On the technical side, the proposed system was merely a proof of concept and still quite far from a
production level implementation. There are literally thousands of improvements that can be made in
such a system by taking advantage of recent advancements in both fields. The first and most important
step would be the engineering of ontologies that could cover even more fields such as OS artifacts,
mobile forensics, live memory etc. It would be beneficial if such ontologies could reach a consensus
amongst the digital forensic community since the usage of common ontologies can avoid various
difficulties that arise in multi-ontology environments where there are overlaps between them. Even the
ontologies described in this thesis, do not cover exhaustively their respective knowledge areas and can
be further extended.
One basic approach that was adopted during this thesis was that since common domain ontologies
have not been yet developed and standardized, such method can still be implemented even in such a
multi-ontological environment. One of the main issues was the establishment of relations between
individuals representing the same concept, e.g. the same IP address.
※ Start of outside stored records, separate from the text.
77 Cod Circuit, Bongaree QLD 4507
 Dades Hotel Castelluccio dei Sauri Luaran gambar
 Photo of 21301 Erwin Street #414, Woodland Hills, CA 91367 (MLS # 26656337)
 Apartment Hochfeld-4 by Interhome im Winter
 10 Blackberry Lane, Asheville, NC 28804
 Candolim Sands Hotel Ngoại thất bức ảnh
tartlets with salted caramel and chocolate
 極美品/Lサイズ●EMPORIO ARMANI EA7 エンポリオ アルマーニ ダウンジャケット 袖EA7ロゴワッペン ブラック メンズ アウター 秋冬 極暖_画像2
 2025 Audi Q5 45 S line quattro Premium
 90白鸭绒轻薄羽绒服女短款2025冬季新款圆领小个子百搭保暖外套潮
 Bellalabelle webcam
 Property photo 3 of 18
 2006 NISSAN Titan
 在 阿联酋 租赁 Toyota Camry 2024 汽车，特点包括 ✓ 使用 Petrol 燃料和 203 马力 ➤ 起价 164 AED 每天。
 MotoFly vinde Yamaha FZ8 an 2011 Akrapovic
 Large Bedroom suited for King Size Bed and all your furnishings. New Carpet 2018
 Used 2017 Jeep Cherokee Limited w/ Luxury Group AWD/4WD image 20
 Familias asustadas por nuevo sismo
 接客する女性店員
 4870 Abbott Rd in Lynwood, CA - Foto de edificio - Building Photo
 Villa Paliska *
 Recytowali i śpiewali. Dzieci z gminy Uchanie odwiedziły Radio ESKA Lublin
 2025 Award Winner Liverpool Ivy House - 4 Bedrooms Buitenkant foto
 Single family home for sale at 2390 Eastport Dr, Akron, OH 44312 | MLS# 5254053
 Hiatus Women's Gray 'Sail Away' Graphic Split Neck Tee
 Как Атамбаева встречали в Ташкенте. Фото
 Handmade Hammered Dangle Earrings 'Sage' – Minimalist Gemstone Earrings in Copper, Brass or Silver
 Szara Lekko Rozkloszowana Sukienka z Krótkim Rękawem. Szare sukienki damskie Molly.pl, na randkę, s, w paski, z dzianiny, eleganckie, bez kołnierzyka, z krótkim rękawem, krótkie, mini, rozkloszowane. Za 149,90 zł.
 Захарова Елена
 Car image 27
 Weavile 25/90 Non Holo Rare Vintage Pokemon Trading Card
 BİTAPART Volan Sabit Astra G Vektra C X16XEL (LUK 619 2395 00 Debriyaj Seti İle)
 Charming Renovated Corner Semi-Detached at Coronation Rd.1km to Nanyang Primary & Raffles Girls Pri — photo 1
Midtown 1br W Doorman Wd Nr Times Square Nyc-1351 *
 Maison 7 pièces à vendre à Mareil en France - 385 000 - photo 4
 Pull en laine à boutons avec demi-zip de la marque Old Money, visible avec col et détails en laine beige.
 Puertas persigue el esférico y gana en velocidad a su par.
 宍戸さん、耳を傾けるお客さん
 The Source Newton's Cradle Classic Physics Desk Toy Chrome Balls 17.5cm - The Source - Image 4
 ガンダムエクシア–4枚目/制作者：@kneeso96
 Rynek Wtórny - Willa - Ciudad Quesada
The technique followed
throughout this thesis was the use of SWRL rules for performing such a ‘bridging’. This part can be
further improved and even automated by taking advantage of recent developments in the area of
automated multi-ontological concepts and individuals linking. Furthermore, developments in the area
of distributed inference engines, RDF triples storage systems and federated querying can significantly
improve the robustness, efficiency and computational feasibility of such a method and constituting it
capable of dealing with massive amounts of data, while reducing the time needed. Eventually, such
technologies can even enable real-time integration and correlation of logs and captured events from
various information security appliances such as firewalls, IDS, antivirus, server and database systems
etc. Finally, a graphical interactive and user-friendly layer positioned on top of such a method, can
greatly increase its usability while in parallel reduce the training time needed for adoption. Such a
method could also be considered as an educational method allowing persons with less technical
background to develop analytical skills needed during a digital investigation.